The 1948 Irish Greyhound Derby took place during August and September with the final being held at Shelbourne Park in Dublin on 4 September 1948.

The winner Western Post won £1,000 which at the time was a record prize for an Irish race. He was trained by Paddy Moclair (a former Irish Gaelic footballer) and owned by Frank Davis from London.

The runner-up Baytown Colonel was under two years old and went on to win the Trafalgar Cup.

== Final result ==
At Shelbourne, 4 September (over 525 yards):

| Position | Name of Greyhound | Breeding | Trap | SP | Time | Trainer |
|---|---|---|---|---|---|---|
| 1st | Western Post | Lucky Post - Lonesome Sister | 5 | 7-2 | 29.90 | Paddy Moclair |
| 2nd | Baytown Colonel | Baytown Cuckoo - Baytown Crow | 6 | 7-1 | 30.22 | Paddy Barry |
| 3rd | Canter Home | Nuacht An Lae - Pretty Munster | 3 | 6-1 | 30.30 | N Carey |
| 4th | Line Command | Joint Command - Cat Pup | 2 | 8-1 |  |  |
| 5th | Harvest King | Bella's Prince - Fishing Rink | 1 | 5-4f |  | Harry O’Neill |
| 6th | Young Shell | Tinker's Smack - Chimeolym | 4 | 10-1 |  |  |

=== Distances ===
4, 1 (lengths)

== Competition Report==
Offering a record £1,000 first prize the 1948 Derby attracted the Scottish Greyhound Derby champion Western Post. Paddy Moclair his original owner would train the greyhound for the duration of the competition for Londoner Frank Davis. Moclair had paid £240 for him at Limerick sales before Davis then bought the dog from Moclair and Anthony Watson for £2,000.
The fawn and white dog wrote himself into the record books by becoming the first winner of the Scottish and Irish Derby. Despite the reputation of Western Post, the hot favourite throughout the event had been Harvest King owned and trained by Harry O’Neill.

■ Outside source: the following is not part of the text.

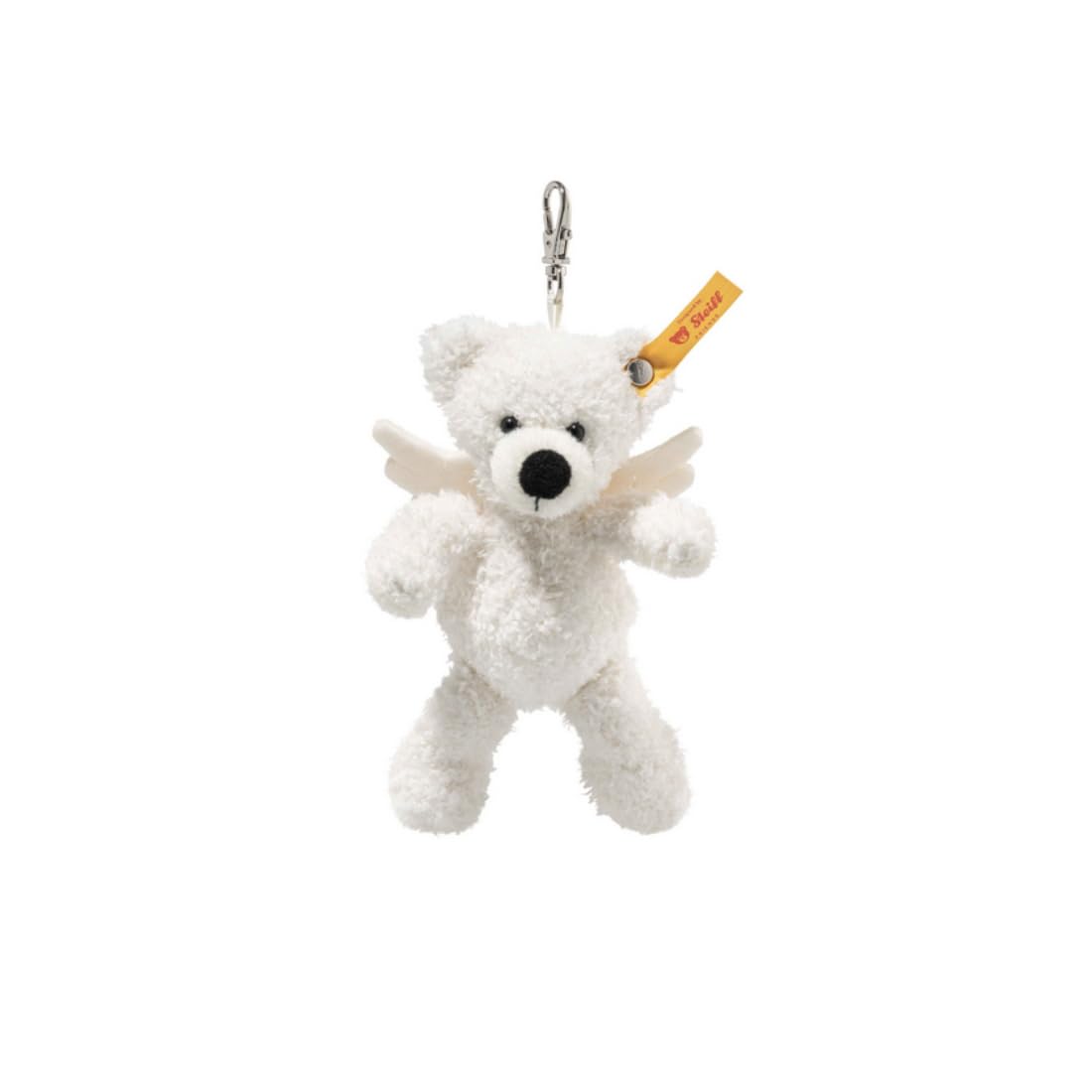 

Steiff Мягкий брелок Мишка Лотте Ангел белый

Harvest King from Arklow had impressed during the early rounds including a victory over Western Post and before the semi-finals began he had been sold to Harry O'Neill for £4,000. In the final Harvest King made a poor start and never showed leaving Western Post to overtake the early leader (a bitch called Canter Home) at the halfway mark. He went on to win easily from Baytown Colonel.